Lieutenant Daniels' ruddy face appears. "Jackson.
You're gonna be all right, you hear me?"
A church decorated in red, white, and blue. My father lying
there in his coffin. I kiss his cold forehead, the way he used to kiss mine
when I was sick. I love you, Dad. My turn to fight for peace. I swear I'll make
you proud.
San Francisco Bay, holding hands with Molly, heart racing
because I'm about to ask her to marry me.
The doctor's office with Pat, my frat brother, my football
buddy. The cancer will take me over, Jackson. No, it won't, I won't let it.
You're gonna be just fine, Pat.
"He's going, going, gone," the young solider
mutters.
"Don't count him out yet," Lieutenant Daniels
says.
As if on cue, I sit up. Everything, everyone I love. I don't
know if I'll see any of them again. But there's still breath in my body. Where
there's breath, there's life. And where there's life, there's fight.

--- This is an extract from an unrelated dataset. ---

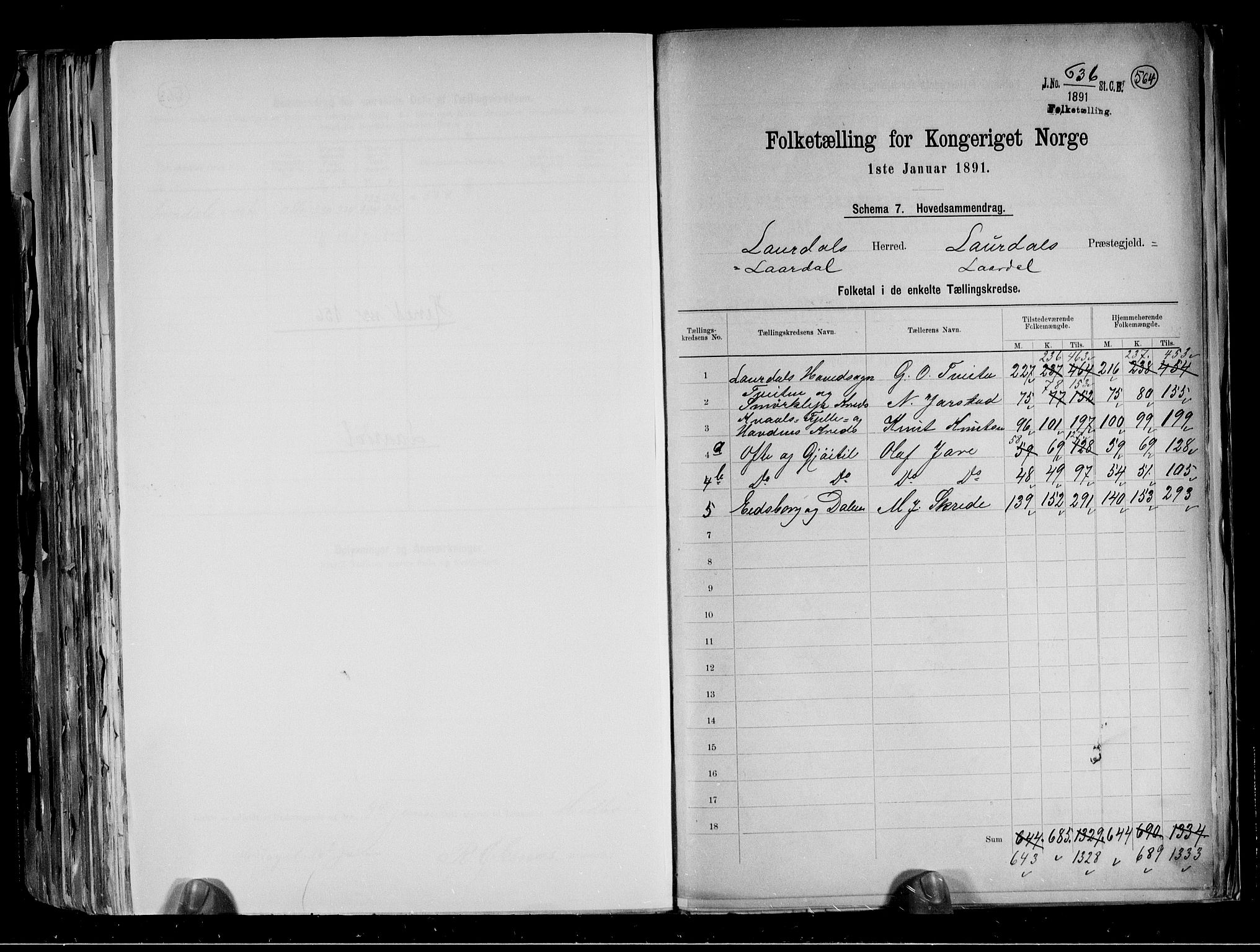 RA, 1891 census for 0833 Lårdal, 1891, p. 2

"Jackson. Get down, we need to clean that wound!"
"Where are you going?!"
I crawl out of our hideout. Dragging my bad leg, I sling my
gun over one shoulder.
There's a small army of them, tongues lolling from their
lifeless faces. Green skin curdled like bad cheese. Slowly, they lurch toward
me with sickening hunger, moving around the mutilated bodies of my fallen
comrades.
I imagine them bending over Molly, the kids cowering in the
doorway.
I load my gun.
They want my brains. I want them dead. Even deader than they
already are.
"YOU'RE GOING DOWN, BITCHES!" I scream.
"Jackson, no!" Lieutenant Daniels howls.